Peter Cresswell's path to immunology research had some twists and turns. He began first and foremost as a chemist: he was one of those kids who blows up things and sets things on fire. "I've had many discussions with other scientists and that behavior is a common phenomenon," he says.
As a 14-year-old, he tried to adapt a procedure for making hydrochloric acid to make hydrobromic acid with supplies from a lab technician friend. "I found that while hydrogen chloride dissolves in water to give hydrochloric acid, hydrogen bromide spontaneously generates bromine in the air. You get a horrible, brownish, dangerous gas that eventually liquefies," he remembers. "I did this in the house, and I had this beaker of bubbling stuff, and brown fumes flowing across the table."
He survived both the fumes and the potential punishment: His parents were out at the time.
After pursuing his love of chemistry in college, where he earned a bachelor's degree in the subject, Cresswell began work on a master's degree in microbiology. He was isolating, purifying, and determining the structure of lipids found in the cell membranes of bacteria.

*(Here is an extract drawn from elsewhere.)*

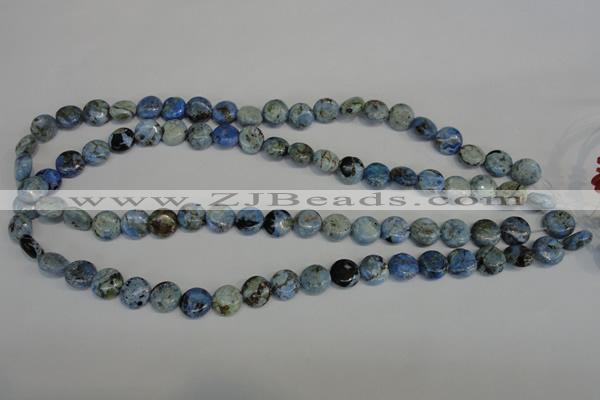 CLR208 15.5 inches 10mm flat round larimar gemstone beads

"Then I realized that what I was doing ended with characterizing the structure of these lipids, and it had little biological significance," he says. A visit to his lab from immunologist Arnold Sanderson intrigued him. "Immunology seemed like an important field that, at that time, was minimally understood at the molecular level."

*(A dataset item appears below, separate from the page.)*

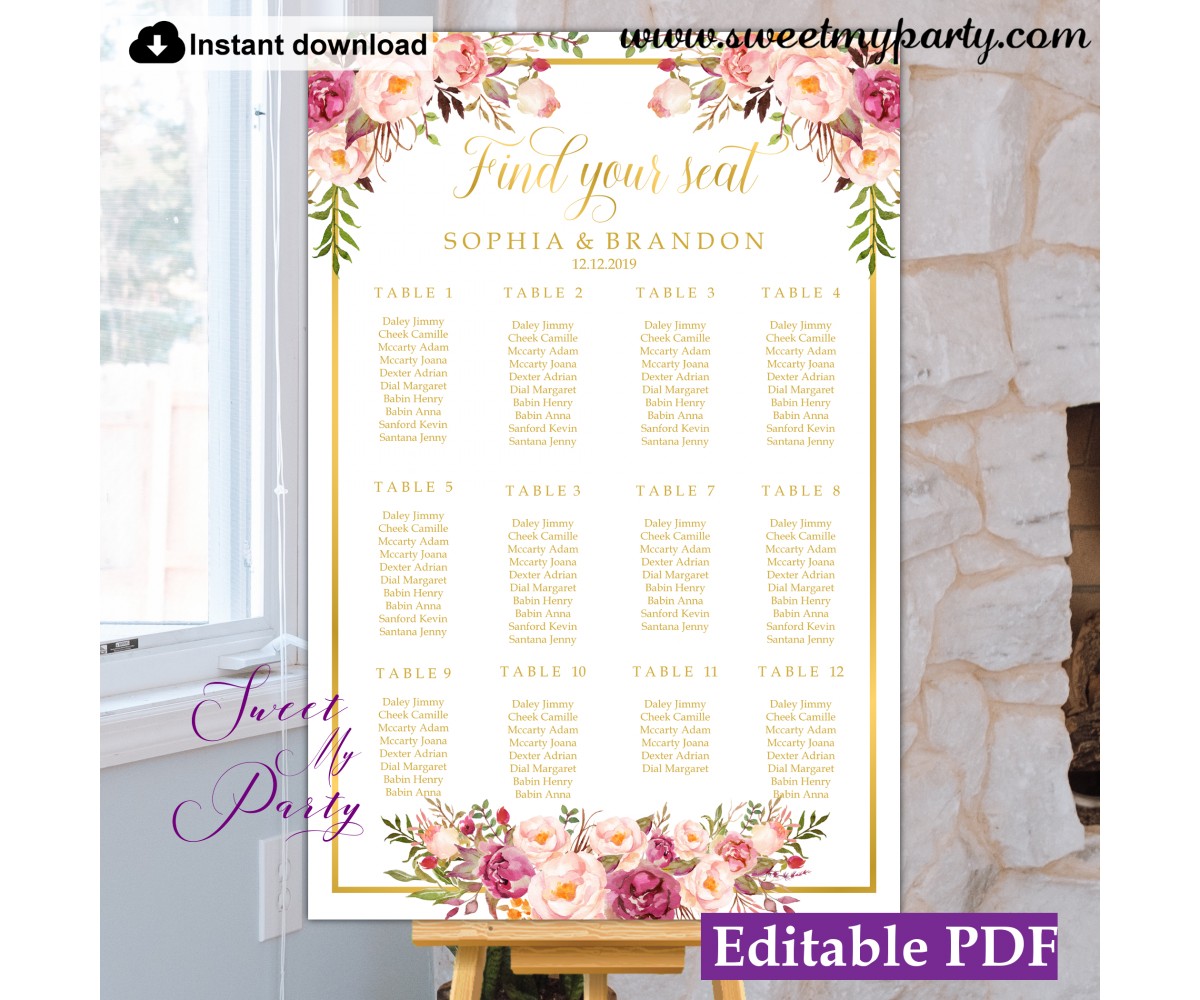 Floral seating chart template,Blush flowers seating chart,(31g)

Cresswell joined Sanderson's lab for his doctoral work, where he was introduced to the major histocompatibility complex, or MHC. This protein family plays a key role in the immune response as well as in autoimmune diseases.
He went on to a postdoctoral stint in Jack Strominger's lab at Harvard. "When I first went there, I was more interested in studying bacterial cell walls, and that's what most of his lab was studying," Cresswell remembers. "But he wanted me to continue working on the MHC. I said okay, and soon after, the field exploded."
When Cresswell started studying the human MHC, only researchers studying organ transplants had any interest in the field, and they were focused on the identity of the best-known MHC proteins, now called class I human leukocyte antigen (HLA) proteins.
"At the time, all we knew was these proteins caused transplant rejection," Cresswell says. Then, in 1974, scientists discovered that cytotoxic, or killer, T cells must recognize a combination of an MHC protein and a foreign protein to be activated.
"I wanted to find out exactly how that combination was formed," says Cresswell. "And most of my career has been spent doing that."
Cresswell started by studying MHC class I molecules. They are found on the membranes of every cell in the body and present foreign antigens to killer T cells. The T cell then destroys the infected cell.
His lab spent years trying to understand how the foreign antigens connect with class I molecules. Recently, the lab identified all the known molecules involved in the process and how they interact.
Another groundbreaking avenue of research happened by chance. Cresswell had purified some class I molecules and injected them into rabbits to make antibodies. As it turned out, the class I molecules weren't exactly pure. The contaminating proteins—the cause of a large fraction of the antibodies—were MHC class II molecules, a key part of the immune system that no one had discovered yet in humans. "That was a happy accident," Cresswell says.
For T cells to recognize class I and class II molecules, foreign peptides must bind to them. Over the years, Cresswell figured out how this happens. One key component for the class II molecules is an enzyme called GILT. "The foreign proteins have to be unfolded to bind to the class II molecules," explains Cresswell. "To unfold them, you need to break disulfide bonds, and GILT does that."
GILT also can work against the body. Cresswell's lab recently discovered that it is necessary for Listeria monocytogenes—one type of bacteria that causes food poisoning—to infect cells. "We made a knockout mouse that lacks GILT, and these mice don't get infected."
Cresswell's lab also studies viperin, which he discovered in the late 1990s. Though the protein sounds snake-like, it's a human virus inhibitor protein. Cresswell has found that viperin helps the body fight flu, herpes simplex, and cytomegalovirus. Recently, other researchers have found that viperin is active against some cold viruses.
"But it's been a problem figuring out how it works," says Creswell. "It seems to change the composition of the membrane of the infected cell. We've made a knockout mouse, but that hasn't helped us yet. It looked like it was going to be quite straightforward, but it's not."